Armenia improved 3 out of 10 indicators assessing the easiness of doing business: Dealing with Construction Permits (by 10 points), Enforcing Contracts (8 points), Trading Across Borders (29 points). The last indicator increased from the 58th place in the previous report to the 29th mainly due to the successfully facilitated procedures of documentation (including customs clearance) and affordability of the related payments. According to the report, Armenia's neighbors in the report by the given indicator were Bosnia & Herzegovina (28th place) and Swaziland (30). Belarus was the only post-Soviet country to leave Armenia behind (25th) by Trading Across Borders.
Doing Business measures regulations affecting 11 areas of the life of a business. Ten of these areas are included in this year's ranking on the ease of doing business: starting a business, dealing with construction permits, getting electricity, registering property, getting credit, protecting minority investors, paying taxes, trading across borders, enforcing contracts and resolving insolvency. Doing Business also measures labor market regulation, which is not included
in this year's ranking. Data in Doing Business 2016 are current as of June 1, 2015. The indicators are used to analyze economic outcomes and identify what reforms of business regulation have worked, where and why. This year's Doing Business report continues a two-year process of introducing improvements in 8 of 10 Doing Business indicator sets-to complement the emphasis on the efficiency of regulation with a greater focus on its quality.

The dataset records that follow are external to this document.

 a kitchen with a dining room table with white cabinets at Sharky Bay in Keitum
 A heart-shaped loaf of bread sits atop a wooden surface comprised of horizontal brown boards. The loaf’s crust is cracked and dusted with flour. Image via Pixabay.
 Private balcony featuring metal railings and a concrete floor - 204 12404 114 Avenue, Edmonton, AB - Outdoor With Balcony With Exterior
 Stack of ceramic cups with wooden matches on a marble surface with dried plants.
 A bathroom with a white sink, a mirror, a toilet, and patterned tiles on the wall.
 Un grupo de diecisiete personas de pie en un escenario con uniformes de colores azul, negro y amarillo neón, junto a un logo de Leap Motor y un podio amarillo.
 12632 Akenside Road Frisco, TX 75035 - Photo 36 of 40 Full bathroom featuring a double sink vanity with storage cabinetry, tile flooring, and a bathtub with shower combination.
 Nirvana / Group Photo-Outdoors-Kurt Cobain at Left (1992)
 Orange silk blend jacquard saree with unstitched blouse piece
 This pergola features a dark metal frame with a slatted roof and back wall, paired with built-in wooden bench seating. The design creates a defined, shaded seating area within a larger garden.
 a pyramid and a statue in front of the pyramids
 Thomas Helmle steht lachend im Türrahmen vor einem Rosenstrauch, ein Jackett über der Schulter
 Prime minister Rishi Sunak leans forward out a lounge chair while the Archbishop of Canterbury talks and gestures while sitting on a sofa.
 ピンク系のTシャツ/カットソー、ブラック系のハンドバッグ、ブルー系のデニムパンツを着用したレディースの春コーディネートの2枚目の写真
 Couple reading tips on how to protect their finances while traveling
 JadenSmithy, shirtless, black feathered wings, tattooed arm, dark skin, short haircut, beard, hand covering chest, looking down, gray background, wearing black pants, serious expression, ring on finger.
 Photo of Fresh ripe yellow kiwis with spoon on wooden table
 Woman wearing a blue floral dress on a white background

According to the National Rating Agency AmRating, despite the high place Armenia received in WB Doing Business report, many international organizations, and the World Bank too, openly say that corruption, monopoly, political outrage and oligarchy in Armenia are major obstacles to the development of free entrepreneurships, business ideas, and investment climate. Experts say that Doing Business report does not take into account the imperfectness of the judicial system in Armenia, which needs serious reform and independence from the government - the WB experts have repeatedly mentioned this too. According to the National Statistics Service,
the trade turnover of Armenia for Jan-May 2015 totaled $1.6billion, with a 32.3% year-over-year decline. Exports fell 15.2% to $488.7 million, amid 38% decline of imports to $1.1 billion. In Jan-Aug 2015, foreign turnover exceeded $3 billion (down 19.5% y-o-y), particularly, exports grew 0.5% to $967 million, with important falling by 26.3% to $2.074 billion.